Une étude chinoise récente indique que la peau humaine absorbe davantage les substances toxiques de la fumée des barbecues que les poumons captant l’air. Ces recherches pourraient peut-être vous faire passer l’envie de faire des grillades cet été !

Rappelons que le barbecue est un mode de cuisson est très apprécié, mais qui ne permet pourtant pas une combustion totale des substances organiques. Cela revient à dire que des molécules nocives et cancérigènes sont produites avec entre autres les hydrocarbures aromatiques polycycliques (HAP). Ces composés organiques sont polluants et également nocifs pour la santé.

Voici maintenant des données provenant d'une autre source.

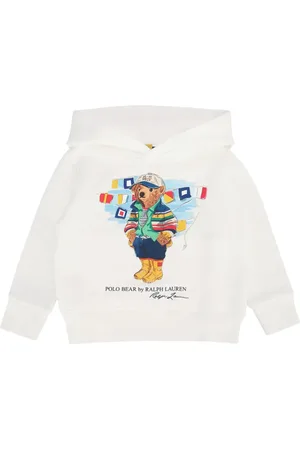 Ralph Lauren Logo-print hoodie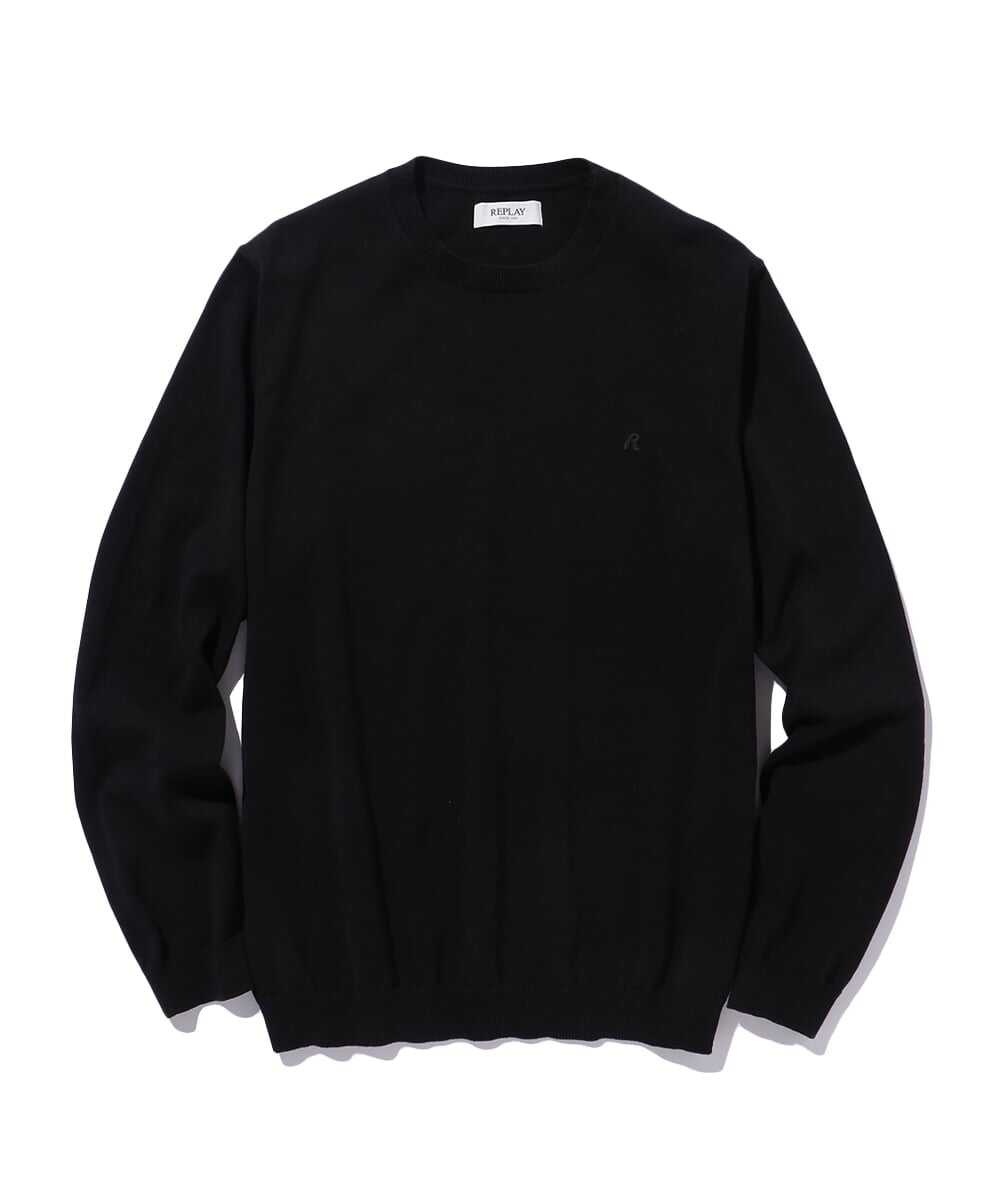 コットンセーター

Logiquement, l’ingestion de viande grillée est la voie principale par laquelle ces substances pénètrent notre organisme, tandis qu’une part non négligeable est tout simplement inspirée par nos poumons. En revanche, comme l’indique une étude menée par l’équipe d’Eddy Zeng de la Jinan University (Chine) et publiée dans la revue Environmental Science & Technology le 23 mai 2018, il existe un troisième mode de pénétration plus important que l’inspiration de la fumée. En effet, les chercheurs sont parvenus à mettre en évidence le passage des hydrocarbures toxiques à travers la peau.

Dans le cadre de ces recherches, les scientifiques ont testé une vingtaine de volontaires répartis en plusieurs groupes. Le premier groupe contenait des personnes exposées aux HAP par ingestion de viande grillée. Le second réunissait des individus simplement exposés à la fumée de barbecue et dans le troisième se situaient des volontaires également exposés à la même fumée, mais équipés de masques.

Ensuite, les chercheurs ont mesuré la concentration en HAP avant et après l’exposition sur les vêtements, dans l’atmosphère ainsi que dans l’urine des personnes testées. Les résultats indiquent que les HAP de plus petite taille sont capables de passer à travers la peau. Par ailleurs, les vêtements ne sont pas une protection suffisante, car les scientifiques ont par exemple mis en évidence le fait que le coton retenait en partie les molécules toxiques, mais qu’après un certain temps d’exposition, les vêtements deviendraient eux-mêmes une source de contamination.

Maintenant, les chercheurs prévoient de continuer leur enquête et il s’agira désormais de comprendre comment l’organisme métabolise les molécules absorbées.